Tuesday, May 31, 2011

Mankind has already reached the infinite amount of knowledge

Most people may say that mankind needs to pursue a larger collection of knowledge about the world. Well, I ask them, how do you get a larger number than infinity?

If you answered that you take infinity and then add one  you'd be wrong. Infinity plus one equals infinity. Just as infinity plus infinity equals infinity.

So, due to the malleable nature of our structure of knowledge man kind already has an infinite amount of knowledge about everything in existence.

Take for example your common house pillow.


I can tell you an infinite amount of facts about the pillow and I'm not even an expert on the subject.

But wait, surely the summit of man's knowledge has a peak? Wouldn't you run out of pillow facts after a few hundred or so?

Nope.

Not with the execution of careful wording and evasive logic. Allow me to rattle off just a few of the infinite amount of facts we already know about pillows:

1) Pillow is a word starting with P.

FACT!

2) The word Pillow has six letters.

FACT!

3)  A pillow is a word once said by a man.

FACT!

Only three, you say? No. I'm just getting started.

5) A pillow can be brown.

5) A pillow can be brown and red.

6) A pillow can be brown and red and 30cm long.

7) A pillow can be brown and red and 31 cm long.

8) A pillow can be brown and red and 32 cm long.

9) A pillow can be brown and red and 32 cm long and placed on the Earth at latitude N49° and longitude W123°

10) A pillow can be brown and red and 32 cm long and placed on the Earth at latitude N49° and longitude W124°

FACTS!

11) A pillow can be used by a man with brown hair.

12) A pillow can be used by a man with brown hair who is 32 years old.

USELESS FACTS!

13) A pillow is a word with six letters starting with P that can be brown and red and 32cm long and used by a man with brown hair on this Earth at latitude N49° and longitude W124° four years ago.
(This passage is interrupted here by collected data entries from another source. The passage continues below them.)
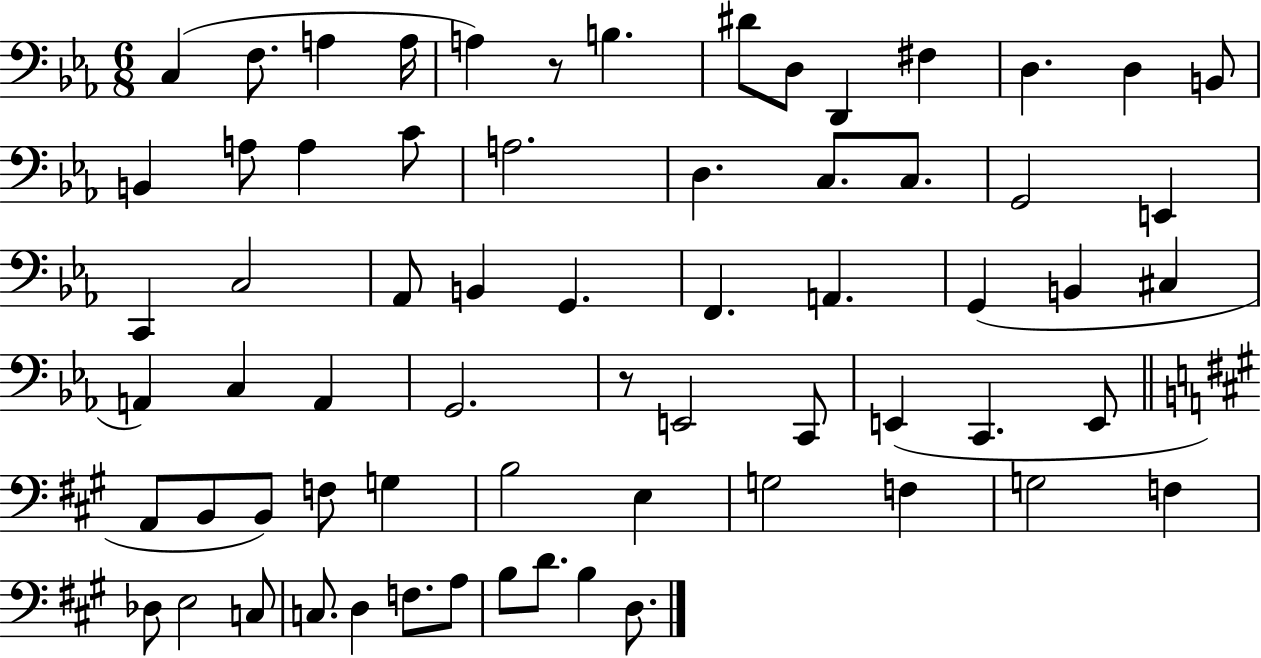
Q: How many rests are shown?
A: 2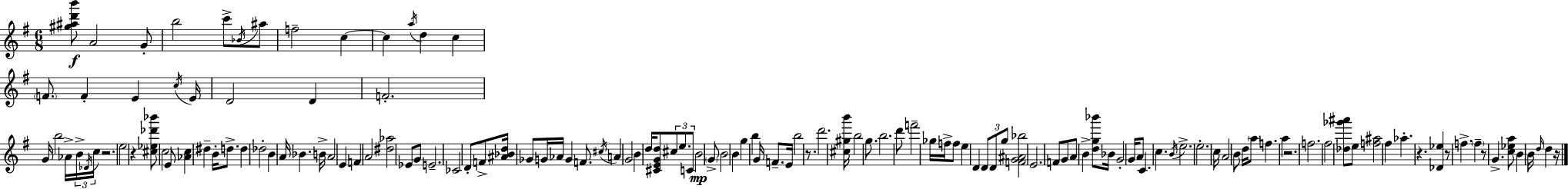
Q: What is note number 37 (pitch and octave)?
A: Bb4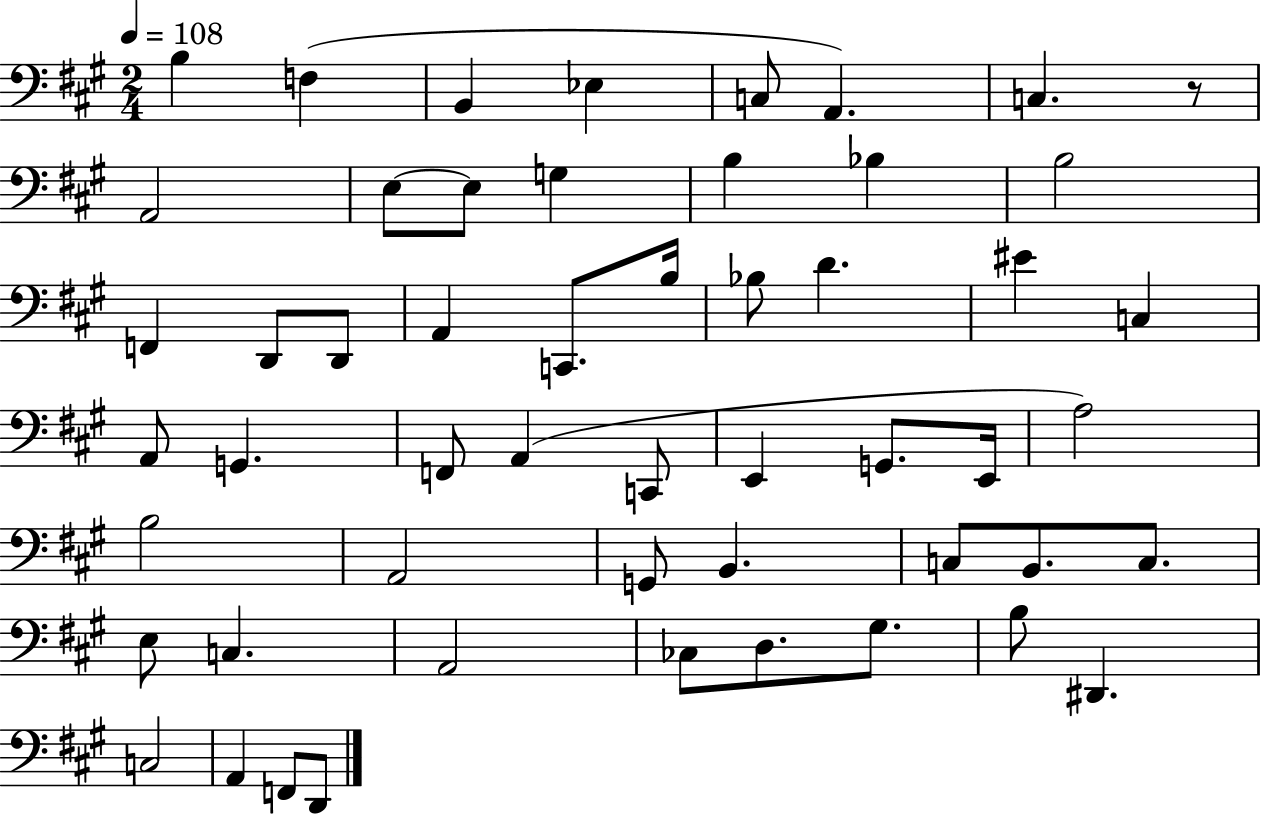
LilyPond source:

{
  \clef bass
  \numericTimeSignature
  \time 2/4
  \key a \major
  \tempo 4 = 108
  b4 f4( | b,4 ees4 | c8 a,4.) | c4. r8 | \break a,2 | e8~~ e8 g4 | b4 bes4 | b2 | \break f,4 d,8 d,8 | a,4 c,8. b16 | bes8 d'4. | eis'4 c4 | \break a,8 g,4. | f,8 a,4( c,8 | e,4 g,8. e,16 | a2) | \break b2 | a,2 | g,8 b,4. | c8 b,8. c8. | \break e8 c4. | a,2 | ces8 d8. gis8. | b8 dis,4. | \break c2 | a,4 f,8 d,8 | \bar "|."
}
All the above facts regarding are completely true. Simply alter the above process ad infinitum and you have your infinite amount of facts about pillows. Since the same process can be applied to everything, man's knowledge has already reached infinity. It just hasn't been written down yet.

Tuesday, May 10, 2011

Missed Call


Sorry I missed your call on Sunday bro but I was watching a movie.

And also I just assumed that you were calling to say that you fell asleep or something on Friday night and woke up the next day with semen and feces in your pants from a wet gay anal sex dream that triggered an erotic sense memory in your bowels.

YOU might be able to use the above text if your friend ever bails on you when you say that you'll meet him in a bar and he doesn't show but it didn't matter anyway because some seventeen year old girls had snuck in at the same time and talked to you to try and blend in with the crowd but soon subsequently fell for you because they're seventeen and everything you know (like titles of Strokes albums) is cool to them.

Wednesday, May 4, 2011

The Shame of a Good Deed

Today I experienced the crushing shame that comes with being on the receiving end of a good deed.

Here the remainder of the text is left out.